W czasie okupacji niemieckiej pracowałem w Urzędzie Skarbowym w gmachu sądów przy ul. Leszno, a mieszkałem przy ul. Siennej 93. Razem ze mną mieszkał mój syn Witold Karol Janczewski (ur. 10 maja 1920), który w czasie okupacji niemieckiej studiował medycynę w szkole dr. Zaorskiego. W 1938 roku ukończył syn gimnazjum, po czym w Zegrzu ukończył podchorążówkę, brał udział w wojnie z Niemcami w brygadzie kawalerii pod nazwą Augustowskiej i w czasie wojny został mianowany podporucznikiem łączności. W 1943 roku był studentem II roku medycyny.

Od 1940 roku syn mój zaangażował się w organizacji podziemnej mającej na celu walkę z Niemcami. Była to organizacja wojskowa, szczegółów co do niej nie znam.

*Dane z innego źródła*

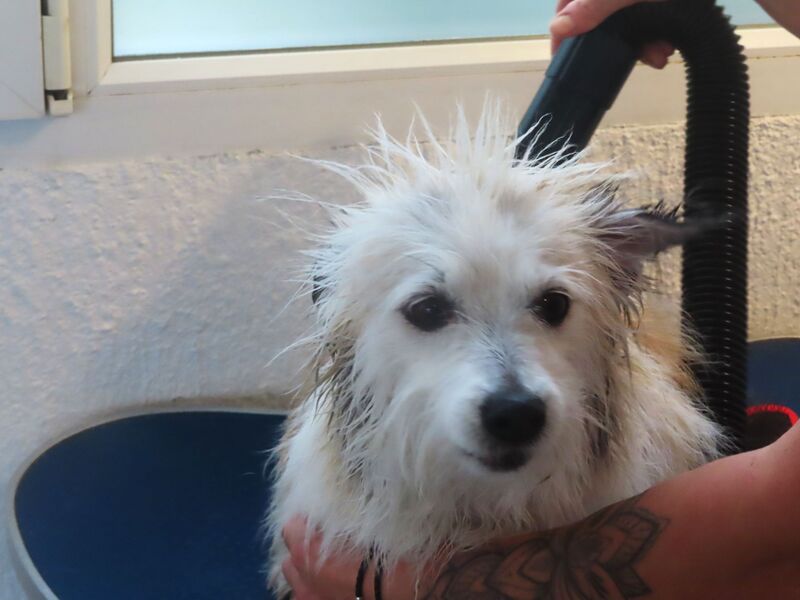 Datei:260211 7409 K.JPG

W dniu 16 lutego 1943, około godziny trzynastej w kawiarni przy ul. Wilczej 67 syn spotkał się ze swym kolegą Zbigniewem Krysiem, który handlował złotem i miał do sprzedania pierścionek, oraz z innymi kolegami. Kryś powiedział memu synowi, iż telefonował już i zaraz spodziewa się przybycia kupców na pierścionek. Po chwili weszło do kawiarni dwóch konfidentów gestapo, Polaków z pochodzenia. Jeden z nich nazwiskiem Pilnik (zam. przy Pierackiego 17), który w lipcu 1943 został zastrzelony przez naszą organizację podziemną. Obaj konfidenci zachowywali się jak kupcy i targowali pierścionek. Kryś zwrócił się do mego syna, by zechciał z nimi razem pojechać do jubilera jako świadek dla ocenienia pierścionka, po czym syn, Kryś i dwaj konfidenci odjechali dorożką i ślad po nich zaginął.

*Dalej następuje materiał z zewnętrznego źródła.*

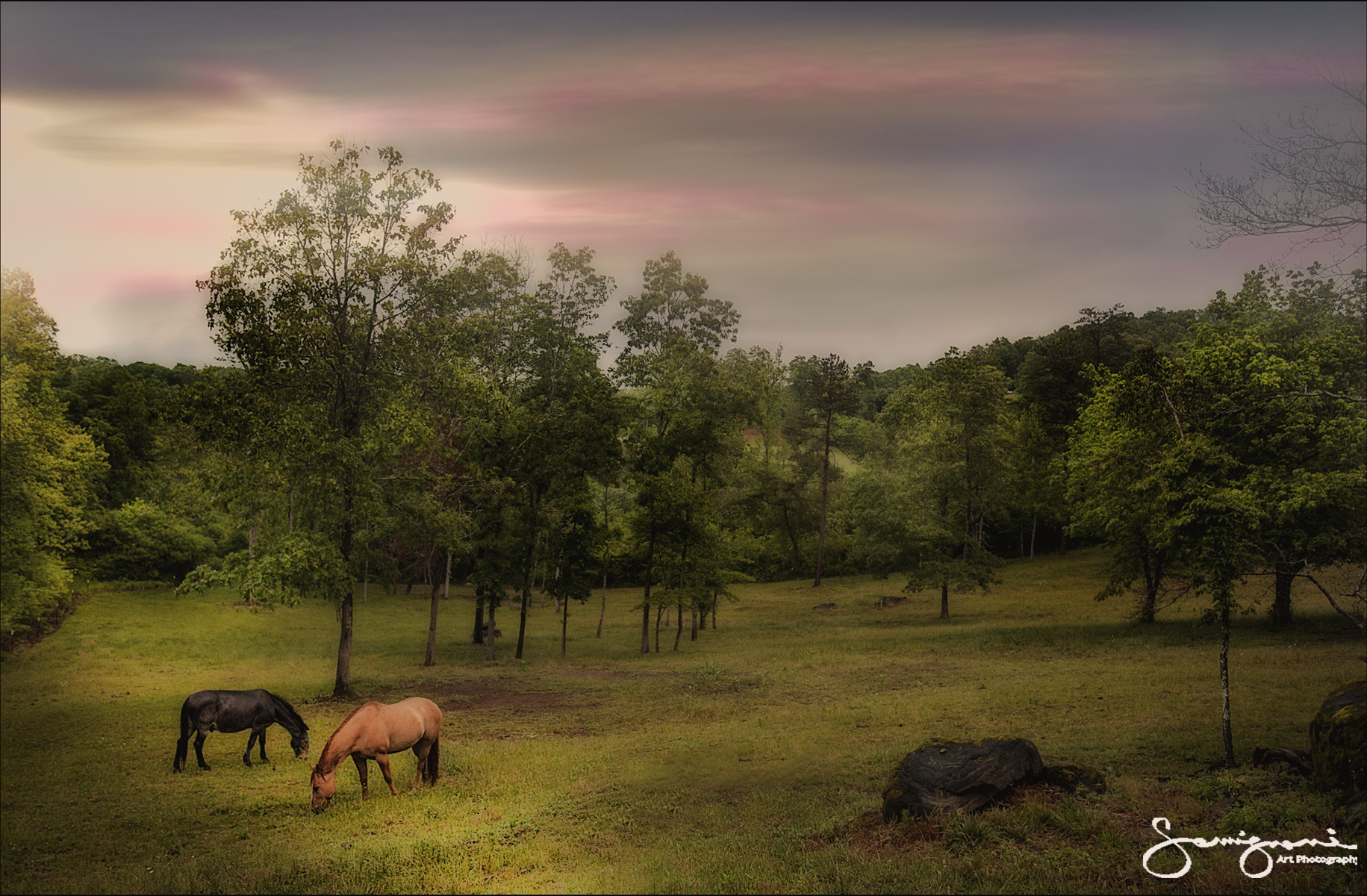 Two Horses in the Field, NC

Dowiedziałem się o zajściu od kolegów syna obecnych w kawiarni. Poszukiwałem syna po komisariatach i w gestapo i dopiero w tydzień później kolega syna poznał Pilnika na ulicy, wyśledził jego adres i dowiedział się, iż jest konfidentem gestapo.

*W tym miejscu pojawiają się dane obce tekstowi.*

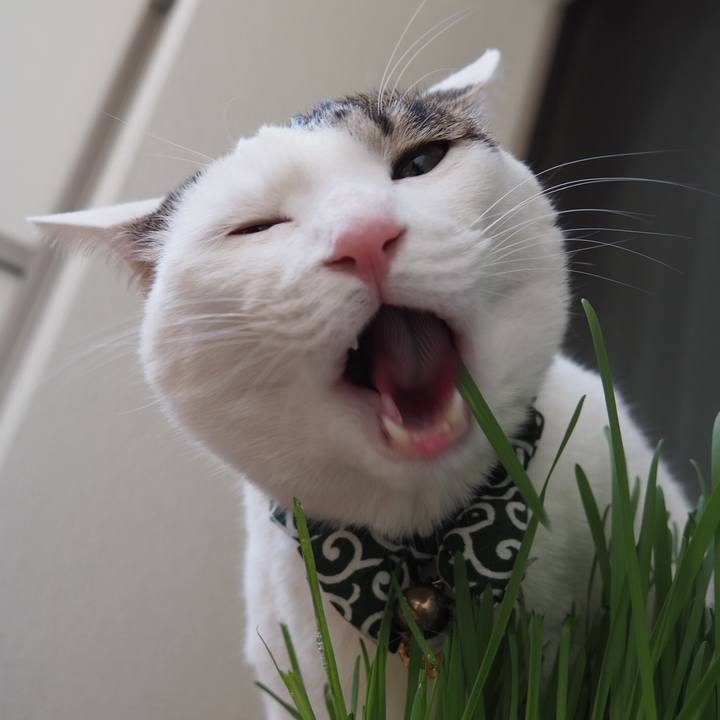 6ee2aa49 2c02 4786 bd5c acca11dca113 1523941424865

Dochodzenie w sprawie zaginięcia mego syna prowadził agent Urzędu Śledczego Czesław Osiński. Osiński urzędowo wezwał Pilnika, który zeznał, iż chciał z kolegą kupić pierścionek od syna kolegi, przy czym po drodze gestapo aresztowało wszystkich, po czym Pilnika i kolegę zwolniono, syna i Krysia zatrzymano. Nazajutrz Osiński udał się do gestapo (al. Szucha 25) i tu w pokoju nr 240 za biurkiem zobaczył Pilnika, który był speszony, iż wykryło się, że on jest konfidentem gestapo. Wyjaśnił on Osińskiemu, iż sprawę mego syna załatwia Stromberg, gestapowiec rodem z Wrocławia (z wyglądu tęgi brunet), urzędujący w pokoju nr 244. Osiński udał się do Stromberga, który na pytanie wyjaśnił, iż badał przed kilkoma dniami syna i że przeciwko niemu nic nie ma. Kryś ma dokumenty nie w porządku – Ale – powiedział po namyśle – myśmy obu wypuścili. Po chwili zapytał: – A kto się tą sprawą tak interesuje? Osiński objaśnił, iż rodzice, na co Stromberg z pogróżką odrzekł: – Niech rodzice się tak bardzo nie interesują, bo ci młodzi są pewnie w lesie Na tym posłuchanie skończyło się, Osiński w związku z moim poszukiwaniem syna zapisał to w aktach Urzędu Śledczego. Starałem się potem trafić inaczej jeszcze do gestapo. Na wszelkie interwencje odpowiadał Stromberg, iż syn i Kryś zostali zwolnieni. W kwietniu 1943 roku napisałem więc o zaginięciu syna do inspektora I Inspektoratu Skarbowego w Warszawie Hufsky’ego, który pismem urzędowym zwrócił się do gestapo z zapytaniem o los mego syna. Na skutek tego pisma zostałem wezwany do gestapo (Szucha 25) do pokoju 255. Urzędował tam komisarz gestapo z tytułem doktora, nazwiska w tej chwili nie pamiętam, który zbadał poprzedniego dnia Pilnika, obecnie mnie. Po badaniu oznajmił mi komisarz, iż Pilnik zeznał, że syna i Krysia wypuszczono z gestapo, a jednocześnie zadał mi pytanie: – A jak pan przypuszcza, co się mogło stać z pana synem? Odpowiedziałem wtedy, że syn mógł być wywieziony do organizacji Todt w Rumunii i Bułgarii, ponieważ w tym czasie Niemcy urządzali łapanki w tym celu.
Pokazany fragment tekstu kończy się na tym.